Theorem. Let $I:=[a,b]$ be a closed bounded interval and let $f:I\to \mathbb{R}$ be continuous on $I$. Then $f$ has an absolute maximum and absolute minimum on I.
Note that the absolute maximum portion is all I need to answer my question in this proof.
Proof.
By hypothesis the set $f(I) := \{f(x): x\in I\}$ is bounded in $\mathbb{R}$ [proven in previous thm]. Let $s = \sup f(I)$. I claim that that there exists an $x_s$ in $I$ such that $s = f(x_s)$.
Since $ s = \sup f(I)$, if $n \in \mathbb{N}$, then the number $s - 1/n$ is not an upperbound of the set $f(I)$. Consequently there exists a number $x_n$ s.t.
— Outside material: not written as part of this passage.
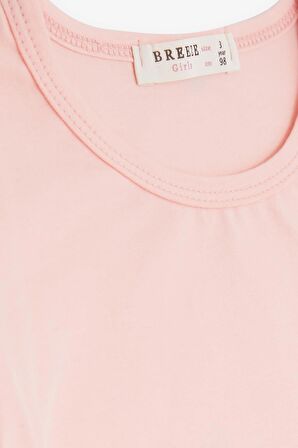 Breeze Kız Bebek Tişört Çiçek Nakışlı 9 Ay-3 Yaş, Somon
$$s - 1/n < f(x_n) \leq s \, , \, \, \forall n \in \mathbb{N} \tag{$\star$}$$
Since $I$ is bounded, the sequence $X = (x_n)$ is bounded. Therefore, by the Bolzano-Weierstrass Theorem, there exists a subsequence $X' = (x_{n_k})$ of $X$ that converges to some number $x_s$. Since the elements of$X'$ belong to $I$ it follows that $x_s\in I$. Therefore $f$ is continuous at $x_s$ so that $\lim(f(x_{n_k})) = f(x_s)$. Applying this fact to ($\star$) and using the squeeze theorem we conclude that $\lim(f(x_{n_k})) = s$ and we have
$$f(x_s) = \lim(f(x_{n_k})) = s = \sup f(I)$$
which means $x_s$ is an absolute maximum point of $f$ on $I$.
The part I'm having difficulty with is the the "$\leq$" in inequality $(\star)$. Why can we assume that $f(x_n)$ might be equal to $\sup f(I)$? It seems as though we're assuming that which is to be proved might be true.
And furthermore, I can not recall using the squeeze theorem on strict inequalities (the left side of $(\star)$.
We are considering the possibility that $f(x_n)=s$, we are not assuming this is the case. It would be wrong to say $f(x_n)<s$ (the theorem shows this is not always the case!).
To put this another way, we do not know that the equality is obtained (you are correct, this is what we are trying to prove). However, by definition of the supremum, we can say with certainty that for any $x\in I$ that $f(x)\le s$.